However, let us be careful not to forget the maternal protection she enjoyed in 1975, when her Pastors and so many fervent souls manifested their devotion to the Immaculate Heart of the Blessed Virgin Mary, to whom God has entrusted the whole order of Mercy. It was at the time a kind of fulfilment of the prophetic vision of the Third Secret: the flames of the Angel of Extermination, which symbolise the wars provoked by the errors of Russia, were beginning to set Portugal alight when Our Lady, touched by the supplications of Her children, extinguished them with the brilliant light radiating from Her right hand.

The essential lesson of this “politics of God” in Portugal, according to the spirit and message of Fatima, remains a pledge of hope for us: assuredly, it is devotion to the Immaculate Heart of Mary that can and that must save our nations from the greatest perils.

 

APPENDIX

PRESIDENT SALAZAR’S DEVOTION FOR OUR LADY

O

NE year after the death of Dr. Antonio de Oliveira Salazar, the periodical Mensagem de Fatima1 published an article entitled “Salazar e Nossa Senhora”, probably written by Father Fernando Leite. Here are several extracts from it:

Salazar always kept in his private chapel a crucifix of “Saint” Father Cruz and an image of Our Lady of the Conception, before which he would go to pray and ask for light at difficult moments in the nation’s life.

Every Sunday and on feast days, it was there that he heard Mass, acting himself as the server. He would prepare the altar in advance, for he did not wish to leave this task to anyone else. It was also in this chapel that the celebrations of the month of Mary took place: he took part in these with a filial devotion. He had a great love for the canticles. At the end, he would make some observations either of a kindly or mischievous nature depending on how the melodies had been interpreted.

On his bedroom table, there was an image of Our Lady of Fatima. Once someone brought him from this sanctuary an image of Our Lady with its own music box. What joy he felt listening to the Fatima Ave Maria! He took the statue and kissed it with a filial tenderness.

When anyone spoke to him about Our Lady, he would become so emotional that sometimes tears could be seen glistening and flowing down his cheeks. He would repeat with a profound sincerity: «For me Our Lady is an intimate friend.»

He attributed Portugal’s renaissance to Fatima. In June 1952, Douglas Hyde, the ex-editor of an English communist newspaper, came to Fatima to thank Our Lady for his conversion. He visited Salazar and asked him:

«Is Portugal’s spiritual renaissance connected to Fatima?

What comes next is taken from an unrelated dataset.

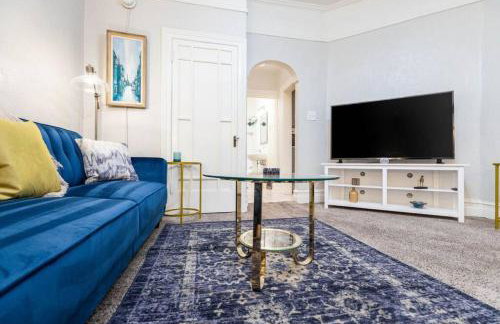 Downtown Private Historic Avenues Apartment - Foto 4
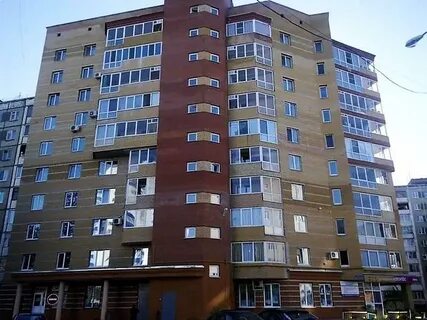 Хрустальная 10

– That is certainly the general opinion here and, humanly, everyone thinks the same… and I am of their number. But, spiritually, we cannot and must not allow ourselves to become vain about it.»

A few days before his death, he told how, as a student, he had made a pact with the Virgin Mary and he added: «Ever since then, I have always felt Her very special protection.»

In his house, the Most Blessed Virgin was honoured every day with the devotion of the Rosary. The servants used to say it together. Owing to his numerous duties, Salazar would say it alone every evening, at the time when the others retired to bed. Christine Garnier, who published a wonderful little book about Salazar, succeeded in delving into his private life and she tells us of the «long prayers he said at night in his chapel». Alone, in the silence of the night, the head of government said his Rosary, for his hours of sleep were very short and the weight of his cares very heavy… But never, never ever, did he neglect to say his Rosary.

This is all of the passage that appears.